Der Gerolsteiner Brunnen sieht sich trotz der krisenhaften Zeiten am Markt gut aufgestellt. Laut dem Nielsen-Handelspanel für die Kanäle LEH, Drogerie- und Getränkeabholmärkte konnte der Brunnen seinen Absatz an Mineralwasser von Januar bis September 2022 um 6,6 Prozent und den Umsatz um 7,8 Prozent steigern. Das teilte das Management bei einem Pressegespräch in Köln mit. Die Marktführerschaft beim Umsatz wurde von 10,0 auf 10,1 Prozent leicht ausgebaut.

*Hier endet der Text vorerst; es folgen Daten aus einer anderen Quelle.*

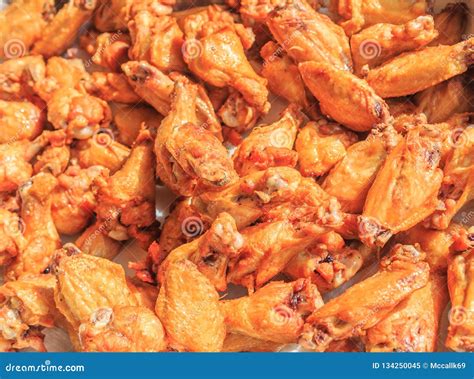 Fried Naked Chicken Wings Image Stock Image Du Cuit 134250045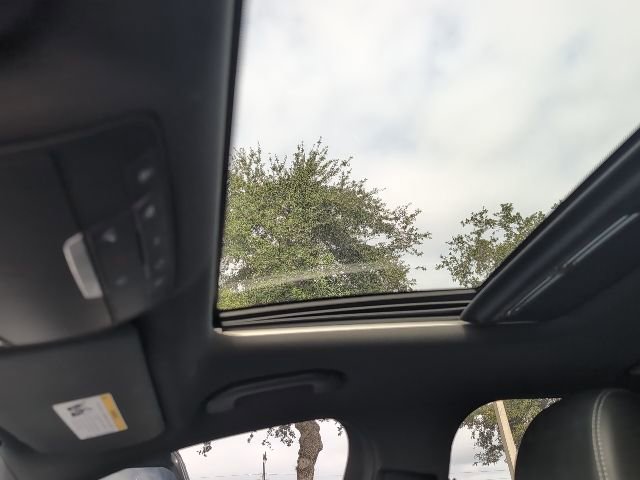 Used 2017 Mercedes-Benz E 300 4MATIC image 20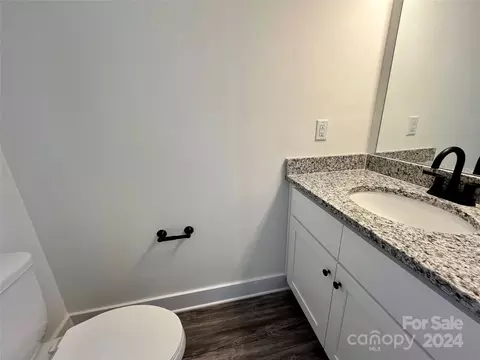 699 3rd Se St SE, Conover, NC 28613 photo 7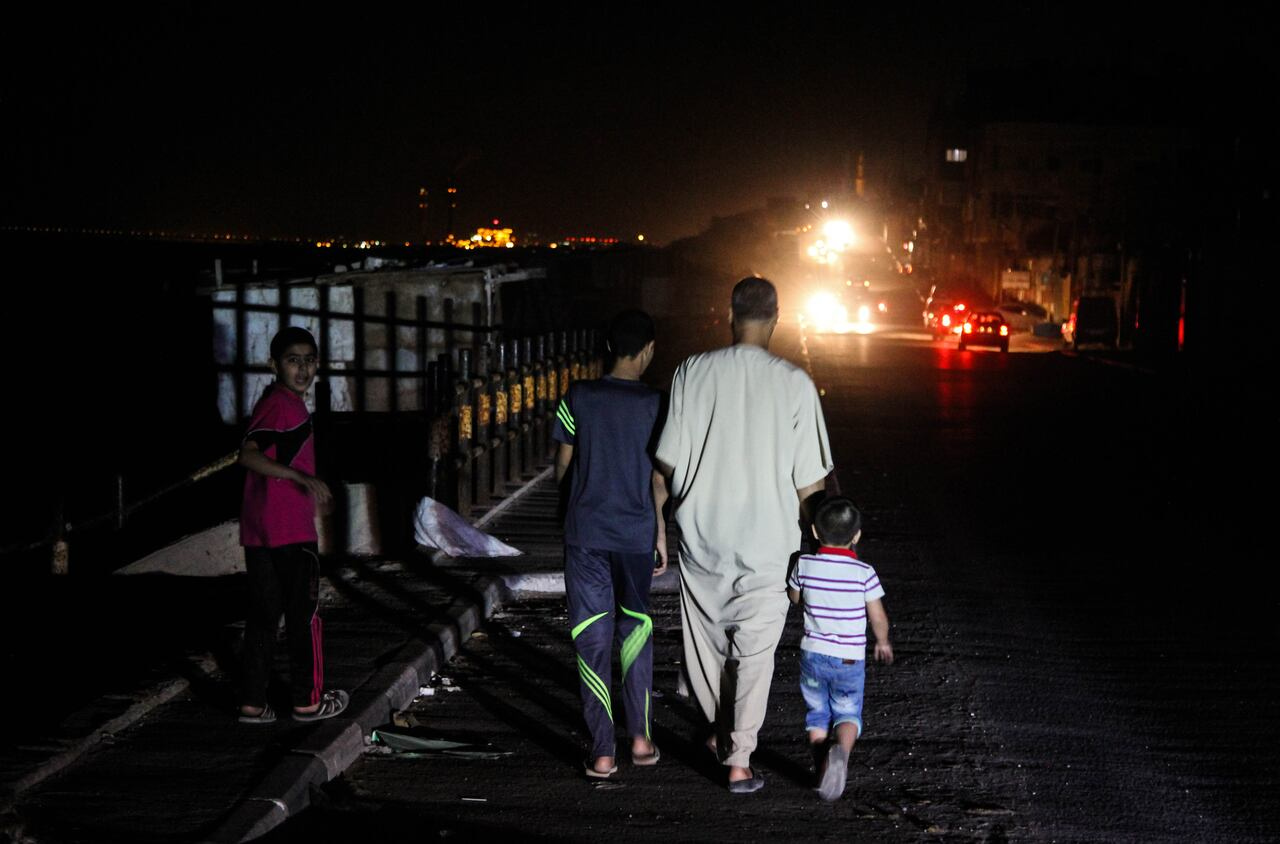 We are already dead:' Power-deprived Gazans struggle with life in dark |  CBC News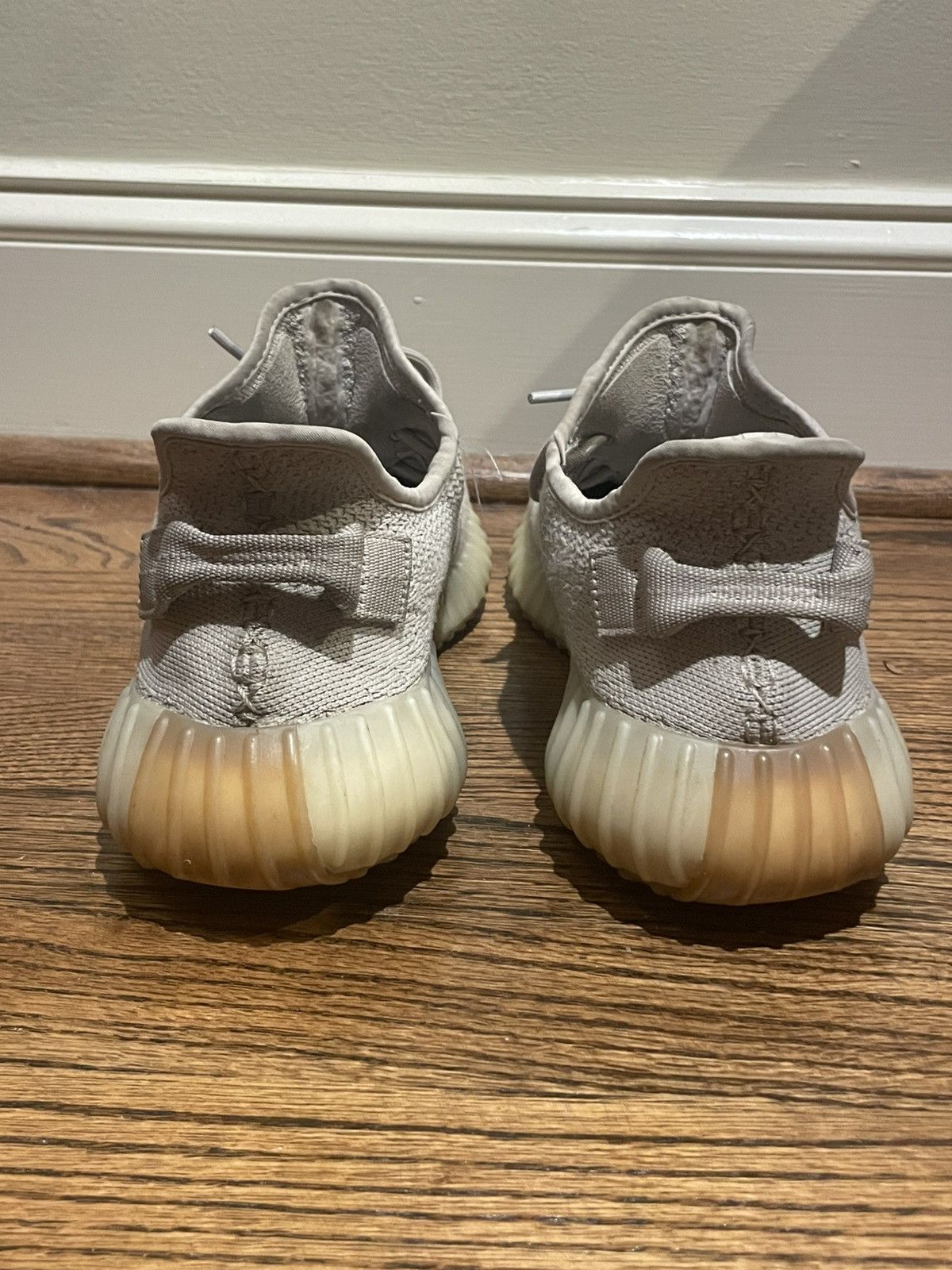 Yeezy Yeezy boost 350 v2 sesame size 10 Size US 10 / EU 43 - 4 Thumbnail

Damit entwickelte sich das Unternehmen besser als die Branche, die in der Menge um 1,6 Prozent rückläufig war und im Wert um lediglich 5,3 Prozent zulegte. Der Mineralwassermarkt erreichte damit insgesamt ein Niveau von rund 2,99 Milliarden Euro. Deutlich stärker als Gerolsteiner legten allerdings die Handelsmarken zu. Ihr Umsatz erhöhte sich um 18,5 Prozent, ihr Marktanteil stieg von 24,0 auf 27,1 Prozent. Die Preiserhöhung um 6 auf 25 Cent pro Liter hat dem Preiseinstieg offenbar nicht geschadet.
Stilles Wasser mit höchstem Plus
Das Wachstum bei Gerolsteiner erstreckte sich auf alle Segmente: Am stärksten gewann mit 9,2 Prozent die Sorte Naturell; sie liegt nun im Ranking der stillen Mineralwässer auf Platz 2 hinter Volvic. Die Kategorien Sprudel und Medium bauten ihre führenden Positionen aus.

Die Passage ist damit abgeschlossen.